"Did anyone tell you what the Laundry actually does?"
"Plays lots of deathmatches?" he asks hopefully.
"That's one way of putting it," I begin, then pause. How to continue? "Magic is applied mathematics. The many-angled ones live at the bottom of the Mandelbrot set. Demonology is right after debugging in the dictionary. You heard of Alan Turing? The father of programming?"

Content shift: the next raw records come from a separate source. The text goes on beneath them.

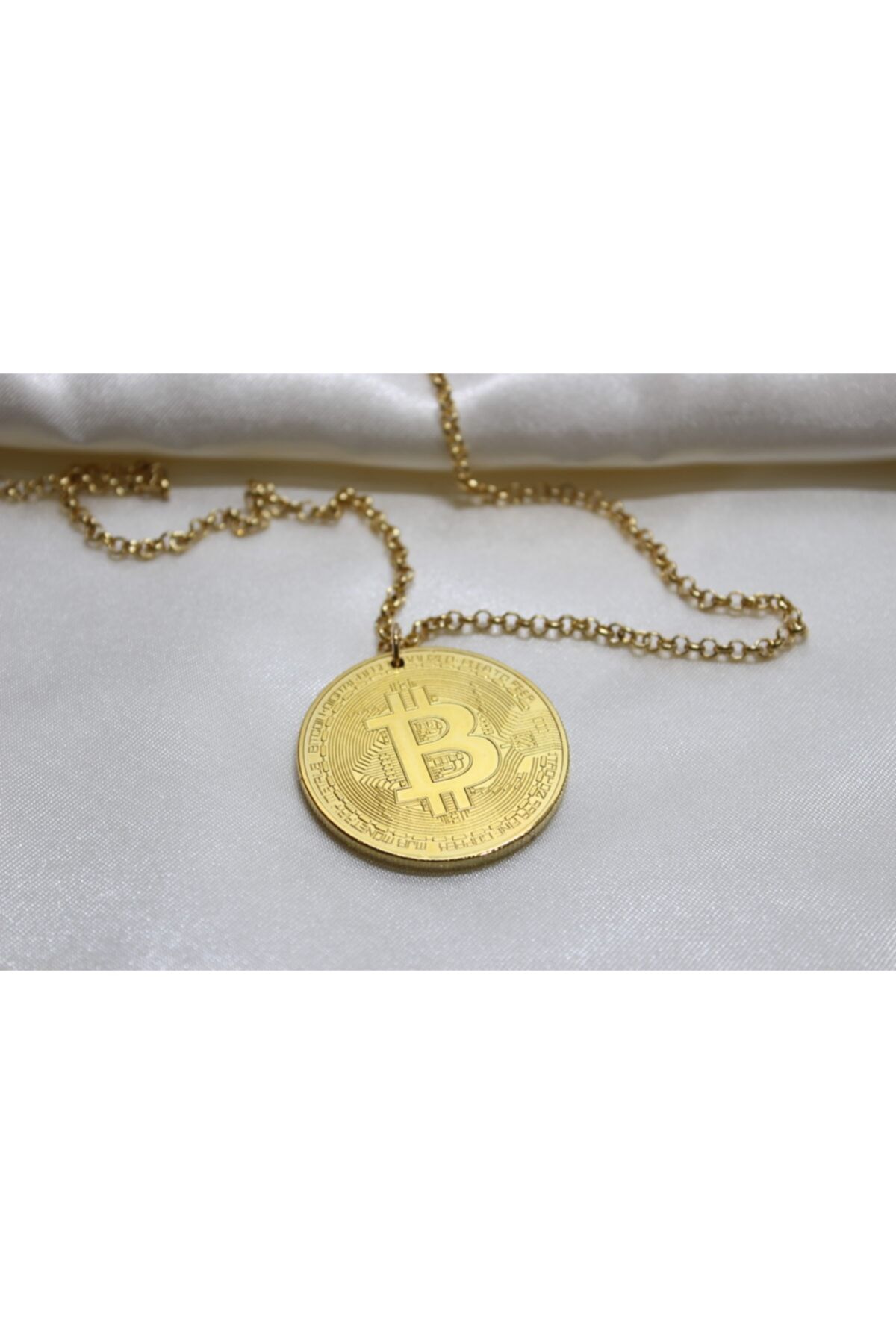 Takıhomes Bitcoin Çelik Gold Kolye
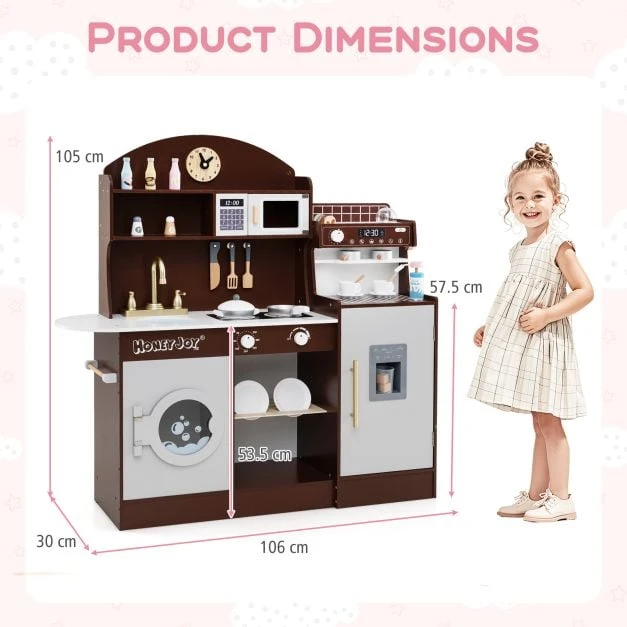 Promotion Medinė virtuvėlė vaikams su laikrodžiu ir mikrobangų krosnele, ruda/rožinė/balta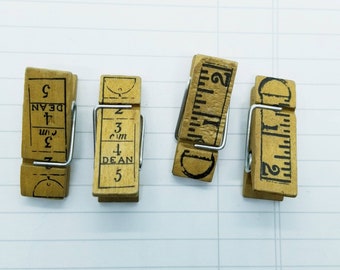 Wooden Printed Clothes Pins- Set of 4- 2 Designs- Typography- Decorative Clothes Pins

"Didn't he work for John Carmack?"
Oh, it's another world out there. "Not exactly, he built the first computers for the government, back in the Second World War. Not just codebreaking computers; he designed containment processors for Q Division, the Counter-Possession Unit of SOE that dealt with demon-ridden Abwehr agents. Anyway, after the war, they disbanded SOE--broke up all the government computers, the Colossus machines--except for the CPU, which became the Laundry. The Laundry kept going, defending the realm from the scum of the multiverse. There are mathematical transforms that can link entities in different universes--try to solve the wrong theorem and they'll eat your brain, or worse. Anyhow, these days more people do more things with computers than anyone ever dreamed of. Computer games are networked and scriptable, they've got compilers and debuggers built in, you can build cities and film goddamn movies inside them. And every so often someone stumbles across something they're not meant to be playing with and, well, you know the rest."
His eyes are wide in the shadows. "You mean, this is government work? Like in
DeusEx?"
I nod. "That's it exactly, kid." Actually it's more like
Doom 3 but I'm not ready to tell him that; he might start pestering me for a grenade launcher.